Heguiabehere coincidió al señalar que “los riesgos informáticos que enfrentan las personas al invertir en una fintech son en teoría los mismos que en una entidad tradicional“.
Sin embargo, recordó que “las entidades bancarias y financieras están obligadas por regulaciones del BCRA a tomar recaudos para mitigarlos, mientras que las fintech no están reguladas y no hay garantías de que tomen recaudos”.
El interés de los delincuentes por las fintech aumentó en la pandemia.
Delincuentes al acecho de usuarios de fintechs
Desde Flexibility, Ces recordó que “los defraudadores buscan obtener tus datos personales y claves de acceso para utilizarlos luego de forma virtual, por ejemplo en una compra o transferencia como presencial en un cajero automático”.
Recordó que la pandemia del coronavirus “atrajo un público que previamente era escéptico a los medios digitales“. Esto “generó un aumento en la utilización de nuevos canales de operación y contacto, con lo cual naturalmente aumentaron los casos de phishing”, afirmó.
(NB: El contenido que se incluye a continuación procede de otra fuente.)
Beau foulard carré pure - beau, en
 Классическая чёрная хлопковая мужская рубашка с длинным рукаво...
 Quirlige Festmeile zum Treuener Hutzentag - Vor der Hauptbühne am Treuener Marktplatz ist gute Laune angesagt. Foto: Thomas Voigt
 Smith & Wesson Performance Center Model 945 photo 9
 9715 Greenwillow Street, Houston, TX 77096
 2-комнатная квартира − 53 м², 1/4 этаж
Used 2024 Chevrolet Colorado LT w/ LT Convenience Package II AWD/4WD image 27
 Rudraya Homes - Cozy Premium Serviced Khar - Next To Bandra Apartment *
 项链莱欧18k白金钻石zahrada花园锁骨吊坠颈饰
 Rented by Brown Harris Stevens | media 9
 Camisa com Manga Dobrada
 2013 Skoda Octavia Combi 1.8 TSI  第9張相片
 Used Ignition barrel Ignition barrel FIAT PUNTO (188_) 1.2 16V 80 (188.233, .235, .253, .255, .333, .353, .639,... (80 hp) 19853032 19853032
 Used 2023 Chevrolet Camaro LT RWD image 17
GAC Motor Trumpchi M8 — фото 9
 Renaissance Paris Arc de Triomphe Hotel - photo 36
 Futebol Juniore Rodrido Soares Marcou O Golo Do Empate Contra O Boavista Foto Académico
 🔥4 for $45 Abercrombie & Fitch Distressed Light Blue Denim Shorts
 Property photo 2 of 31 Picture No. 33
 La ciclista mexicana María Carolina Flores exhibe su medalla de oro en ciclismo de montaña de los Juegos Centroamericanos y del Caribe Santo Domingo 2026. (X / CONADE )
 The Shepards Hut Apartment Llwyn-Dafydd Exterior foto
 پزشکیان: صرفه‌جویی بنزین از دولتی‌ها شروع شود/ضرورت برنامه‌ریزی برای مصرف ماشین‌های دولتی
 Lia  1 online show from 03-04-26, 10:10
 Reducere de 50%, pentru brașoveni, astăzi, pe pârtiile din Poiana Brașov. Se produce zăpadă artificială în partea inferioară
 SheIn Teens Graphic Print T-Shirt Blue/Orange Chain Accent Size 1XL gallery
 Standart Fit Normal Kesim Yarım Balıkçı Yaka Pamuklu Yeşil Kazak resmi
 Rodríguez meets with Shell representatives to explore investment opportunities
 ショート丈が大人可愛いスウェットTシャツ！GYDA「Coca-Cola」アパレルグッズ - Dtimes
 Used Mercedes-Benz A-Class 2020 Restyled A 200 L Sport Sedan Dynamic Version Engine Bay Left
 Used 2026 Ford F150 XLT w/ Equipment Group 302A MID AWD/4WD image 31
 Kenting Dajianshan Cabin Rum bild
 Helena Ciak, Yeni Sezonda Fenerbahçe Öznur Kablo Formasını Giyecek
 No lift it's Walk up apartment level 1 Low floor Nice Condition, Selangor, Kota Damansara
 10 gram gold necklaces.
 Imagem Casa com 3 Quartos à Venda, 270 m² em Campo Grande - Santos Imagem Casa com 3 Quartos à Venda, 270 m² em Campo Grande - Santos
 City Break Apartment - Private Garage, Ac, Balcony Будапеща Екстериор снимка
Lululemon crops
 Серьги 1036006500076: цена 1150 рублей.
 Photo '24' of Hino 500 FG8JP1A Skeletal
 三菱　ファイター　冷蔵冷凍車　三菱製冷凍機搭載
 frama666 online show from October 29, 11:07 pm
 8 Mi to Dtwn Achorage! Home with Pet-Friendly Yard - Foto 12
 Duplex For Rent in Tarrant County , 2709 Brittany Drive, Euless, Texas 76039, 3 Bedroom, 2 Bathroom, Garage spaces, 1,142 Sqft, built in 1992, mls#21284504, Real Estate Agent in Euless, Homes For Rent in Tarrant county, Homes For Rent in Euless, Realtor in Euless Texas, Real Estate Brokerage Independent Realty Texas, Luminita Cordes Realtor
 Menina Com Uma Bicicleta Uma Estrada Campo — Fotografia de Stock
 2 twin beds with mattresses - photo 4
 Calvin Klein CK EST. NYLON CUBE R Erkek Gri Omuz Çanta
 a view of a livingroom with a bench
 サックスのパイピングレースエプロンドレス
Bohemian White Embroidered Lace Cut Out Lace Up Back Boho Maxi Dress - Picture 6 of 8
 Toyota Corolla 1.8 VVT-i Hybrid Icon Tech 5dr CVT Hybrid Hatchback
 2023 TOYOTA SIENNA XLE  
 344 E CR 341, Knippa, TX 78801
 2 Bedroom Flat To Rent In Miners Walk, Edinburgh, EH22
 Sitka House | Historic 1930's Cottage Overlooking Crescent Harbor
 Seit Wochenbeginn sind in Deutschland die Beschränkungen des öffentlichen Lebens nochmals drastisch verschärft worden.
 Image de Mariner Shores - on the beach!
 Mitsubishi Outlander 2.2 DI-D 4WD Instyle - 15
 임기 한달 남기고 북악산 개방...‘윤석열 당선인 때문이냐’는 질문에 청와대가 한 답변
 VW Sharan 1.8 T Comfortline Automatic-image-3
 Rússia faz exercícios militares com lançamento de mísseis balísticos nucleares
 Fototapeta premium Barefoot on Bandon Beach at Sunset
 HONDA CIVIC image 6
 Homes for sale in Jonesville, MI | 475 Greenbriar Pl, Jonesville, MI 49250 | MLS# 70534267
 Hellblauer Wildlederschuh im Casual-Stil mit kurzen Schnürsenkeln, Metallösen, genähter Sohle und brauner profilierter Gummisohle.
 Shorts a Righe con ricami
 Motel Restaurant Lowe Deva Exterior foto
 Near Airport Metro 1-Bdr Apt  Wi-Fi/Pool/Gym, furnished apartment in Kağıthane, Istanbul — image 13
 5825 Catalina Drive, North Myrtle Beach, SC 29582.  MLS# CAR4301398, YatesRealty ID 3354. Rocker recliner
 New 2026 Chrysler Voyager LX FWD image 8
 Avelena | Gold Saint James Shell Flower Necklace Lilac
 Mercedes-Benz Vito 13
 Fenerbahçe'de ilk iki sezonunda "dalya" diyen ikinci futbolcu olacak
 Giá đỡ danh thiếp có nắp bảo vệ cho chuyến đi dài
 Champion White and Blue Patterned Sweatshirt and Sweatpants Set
Ces recordó también que en 2021 “grandes entidades financieras debieron cerrar sus cuentas en determinadas redes sociales debido que eran utilizadas por defraudadores para engañar a la gente y solicitar sus datos haciéndose pasar por su entidad financiera”.
Recomendaciones para operar seguro en una fintech
Borghello recomendó que los usuarios deben “utilizar plataformas en donde al menos se aseguren las medidas de seguridad mencionadas anteriormente”.
Por ejemplo, “no deberíamos utilizar aplicaciones que no tienen MFA desde su concepción. Debemos reclamar la ciberseguridad como parte del producto, no como un valor agregado”, advirtió.
Heguiabehere sumó otros recaudos, que deberían ser ya habituales:
- No entrar en links que vienen por correo electrónico.
- Tener el sistema operativo lo más actualizado posible, incluso en el smartphone.
- No instalar aplicaciones que no vengan de Play Store o Apple Store según el caso, y no instalar aplicaciones superfluas en general.
- Consultar por las políticas de seguridad de las empresas en las que se quiere invertir.
Para Ces, “lo más importante es la concientización, y creo que se ha avanzado mucho en ese aspecto”.
“Como usuarios somos el , por eso las estrategias de los defraudadores pasan por la ingeniería social. Nadie puede solicitar nuestras credenciales por fuera del proceso normal de login en tu home banking o billetera digital”, concluyó.